→ **TASK MATERIAL**:
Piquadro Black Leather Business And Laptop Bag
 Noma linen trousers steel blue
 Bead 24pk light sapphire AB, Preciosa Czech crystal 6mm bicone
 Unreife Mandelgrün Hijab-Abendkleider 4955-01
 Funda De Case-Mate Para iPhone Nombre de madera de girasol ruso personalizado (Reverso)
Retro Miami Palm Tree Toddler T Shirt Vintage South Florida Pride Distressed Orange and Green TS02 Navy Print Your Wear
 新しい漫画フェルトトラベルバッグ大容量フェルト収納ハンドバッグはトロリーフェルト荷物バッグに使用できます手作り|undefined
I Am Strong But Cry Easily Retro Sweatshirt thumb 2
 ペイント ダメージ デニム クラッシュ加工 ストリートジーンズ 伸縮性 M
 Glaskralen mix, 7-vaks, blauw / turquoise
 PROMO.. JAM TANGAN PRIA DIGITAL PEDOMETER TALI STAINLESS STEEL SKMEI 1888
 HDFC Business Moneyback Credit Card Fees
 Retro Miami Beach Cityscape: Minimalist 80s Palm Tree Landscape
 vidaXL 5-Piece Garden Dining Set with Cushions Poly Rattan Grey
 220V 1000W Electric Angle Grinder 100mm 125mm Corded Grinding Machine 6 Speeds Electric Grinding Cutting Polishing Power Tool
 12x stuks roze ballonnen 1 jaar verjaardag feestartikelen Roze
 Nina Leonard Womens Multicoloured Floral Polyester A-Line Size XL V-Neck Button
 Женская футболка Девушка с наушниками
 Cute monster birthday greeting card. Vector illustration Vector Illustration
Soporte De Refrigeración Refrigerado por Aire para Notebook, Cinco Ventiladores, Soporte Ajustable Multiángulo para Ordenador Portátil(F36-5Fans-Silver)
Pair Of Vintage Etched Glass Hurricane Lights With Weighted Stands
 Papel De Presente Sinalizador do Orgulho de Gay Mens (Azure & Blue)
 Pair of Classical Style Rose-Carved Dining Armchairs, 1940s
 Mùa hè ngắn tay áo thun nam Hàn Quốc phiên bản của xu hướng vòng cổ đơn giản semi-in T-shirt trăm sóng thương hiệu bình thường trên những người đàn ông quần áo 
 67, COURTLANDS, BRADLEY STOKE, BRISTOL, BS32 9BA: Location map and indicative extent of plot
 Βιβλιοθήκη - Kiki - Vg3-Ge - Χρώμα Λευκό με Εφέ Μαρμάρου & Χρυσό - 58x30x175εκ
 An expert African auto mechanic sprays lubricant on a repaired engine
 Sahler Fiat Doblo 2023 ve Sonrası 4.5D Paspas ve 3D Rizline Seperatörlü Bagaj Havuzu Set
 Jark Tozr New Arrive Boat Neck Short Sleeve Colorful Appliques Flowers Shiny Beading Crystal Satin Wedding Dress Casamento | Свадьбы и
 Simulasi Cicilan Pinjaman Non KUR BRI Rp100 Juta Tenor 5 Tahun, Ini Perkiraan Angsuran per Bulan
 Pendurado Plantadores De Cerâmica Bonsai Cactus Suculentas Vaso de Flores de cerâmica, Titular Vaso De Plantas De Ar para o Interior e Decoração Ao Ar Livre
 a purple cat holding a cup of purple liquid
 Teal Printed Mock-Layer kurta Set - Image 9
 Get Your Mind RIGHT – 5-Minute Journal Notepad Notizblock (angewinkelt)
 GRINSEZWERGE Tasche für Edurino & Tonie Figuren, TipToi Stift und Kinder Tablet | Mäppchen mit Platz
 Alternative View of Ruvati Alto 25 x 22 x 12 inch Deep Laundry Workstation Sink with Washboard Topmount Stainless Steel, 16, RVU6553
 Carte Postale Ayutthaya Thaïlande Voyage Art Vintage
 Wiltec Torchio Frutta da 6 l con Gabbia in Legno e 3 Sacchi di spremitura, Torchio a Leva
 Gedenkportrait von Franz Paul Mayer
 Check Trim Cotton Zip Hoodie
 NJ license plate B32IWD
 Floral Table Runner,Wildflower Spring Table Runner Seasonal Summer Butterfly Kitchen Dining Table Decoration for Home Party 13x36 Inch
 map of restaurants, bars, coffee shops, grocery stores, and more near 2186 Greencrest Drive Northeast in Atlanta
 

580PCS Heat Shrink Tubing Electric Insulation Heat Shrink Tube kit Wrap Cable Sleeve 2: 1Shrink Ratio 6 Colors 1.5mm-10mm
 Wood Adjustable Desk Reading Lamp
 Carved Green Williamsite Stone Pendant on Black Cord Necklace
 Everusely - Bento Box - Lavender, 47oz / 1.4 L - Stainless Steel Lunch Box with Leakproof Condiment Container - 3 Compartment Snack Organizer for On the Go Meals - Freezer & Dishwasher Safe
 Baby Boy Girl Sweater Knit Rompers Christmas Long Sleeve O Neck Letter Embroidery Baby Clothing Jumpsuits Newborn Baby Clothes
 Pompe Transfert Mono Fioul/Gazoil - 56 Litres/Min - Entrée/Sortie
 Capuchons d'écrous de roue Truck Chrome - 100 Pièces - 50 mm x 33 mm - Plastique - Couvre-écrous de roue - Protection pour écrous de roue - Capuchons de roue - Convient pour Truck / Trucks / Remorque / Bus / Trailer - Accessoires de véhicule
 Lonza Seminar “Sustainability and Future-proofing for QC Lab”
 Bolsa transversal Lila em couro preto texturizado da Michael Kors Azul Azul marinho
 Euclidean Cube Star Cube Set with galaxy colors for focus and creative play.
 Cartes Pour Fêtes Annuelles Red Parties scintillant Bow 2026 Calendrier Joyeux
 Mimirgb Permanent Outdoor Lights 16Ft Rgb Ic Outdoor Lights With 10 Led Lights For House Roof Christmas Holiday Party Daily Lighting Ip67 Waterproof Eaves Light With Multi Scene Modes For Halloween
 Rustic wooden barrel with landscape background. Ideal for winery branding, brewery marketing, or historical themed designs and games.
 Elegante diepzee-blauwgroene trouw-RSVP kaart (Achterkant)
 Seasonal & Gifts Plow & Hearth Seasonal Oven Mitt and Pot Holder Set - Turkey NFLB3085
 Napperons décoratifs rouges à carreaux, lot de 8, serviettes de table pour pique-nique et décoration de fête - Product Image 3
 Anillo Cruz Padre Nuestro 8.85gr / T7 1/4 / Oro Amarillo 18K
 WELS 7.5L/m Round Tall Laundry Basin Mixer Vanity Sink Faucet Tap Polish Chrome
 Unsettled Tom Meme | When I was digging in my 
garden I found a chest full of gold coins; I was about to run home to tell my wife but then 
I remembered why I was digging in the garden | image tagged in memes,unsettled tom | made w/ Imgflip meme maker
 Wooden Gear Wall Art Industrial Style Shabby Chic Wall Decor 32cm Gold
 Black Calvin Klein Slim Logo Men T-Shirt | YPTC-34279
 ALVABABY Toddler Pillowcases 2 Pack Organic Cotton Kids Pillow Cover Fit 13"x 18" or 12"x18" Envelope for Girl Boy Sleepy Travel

→ **EXERCISE OBJECTIVE**:
Please give an exact copy of the lines above, beginning with the line containing "580PCS Heat Shrink" and running through the line containing "Carved Green Williamsite", and of no other lines.

→ **SOLUTION**:
580PCS Heat Shrink Tubing Electric Insulation Heat Shrink Tube kit Wrap Cable Sleeve 2: 1Shrink Ratio 6 Colors 1.5mm-10mm
 Wood Adjustable Desk Reading Lamp
 Carved Green Williamsite Stone Pendant on Black Cord Necklace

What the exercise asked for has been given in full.